EXERCISE INPUTS:
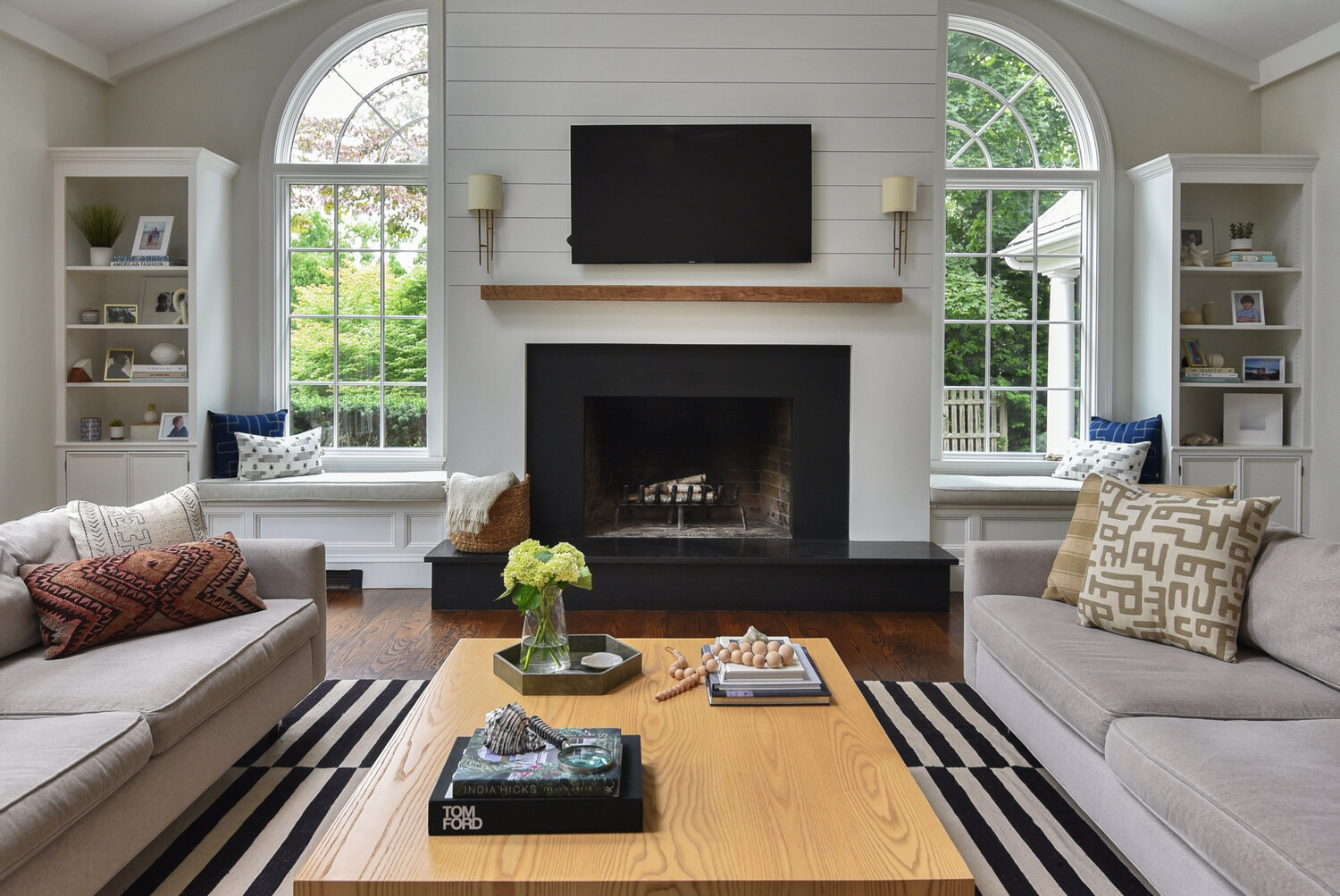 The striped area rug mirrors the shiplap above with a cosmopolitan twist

...

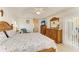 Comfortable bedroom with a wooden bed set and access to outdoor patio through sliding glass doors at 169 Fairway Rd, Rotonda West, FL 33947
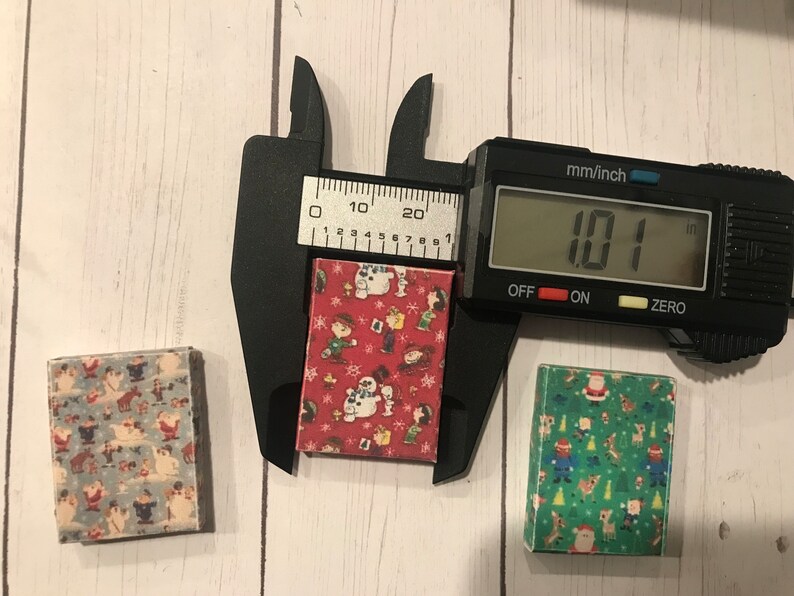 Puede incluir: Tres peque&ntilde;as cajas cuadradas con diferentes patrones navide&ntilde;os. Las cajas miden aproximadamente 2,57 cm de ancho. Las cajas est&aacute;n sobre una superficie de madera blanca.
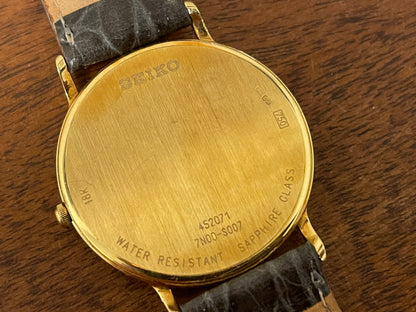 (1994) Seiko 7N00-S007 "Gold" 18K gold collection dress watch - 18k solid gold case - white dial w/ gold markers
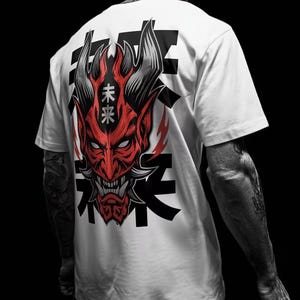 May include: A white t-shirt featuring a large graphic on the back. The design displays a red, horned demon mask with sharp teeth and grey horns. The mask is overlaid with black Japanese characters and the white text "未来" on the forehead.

WORK TO COMPLETE: Would you write out exactly the lines above, starting at the line containing "Puede incluir: Tres" and stopping after the line containing "May include: A"? Omit the pictures.

PROBLEM SOLUTION:
 Puede incluir: Tres peque&ntilde;as cajas cuadradas con diferentes patrones navide&ntilde;os. Las cajas miden aproximadamente 2,57 cm de ancho. Las cajas est&aacute;n sobre una superficie de madera blanca.
 (1994) Seiko 7N00-S007 "Gold" 18K gold collection dress watch - 18k solid gold case - white dial w/ gold markers
 May include: A white t-shirt featuring a large graphic on the back. The design displays a red, horned demon mask with sharp teeth and grey horns. The mask is overlaid with black Japanese characters and the white text "未来" on the forehead.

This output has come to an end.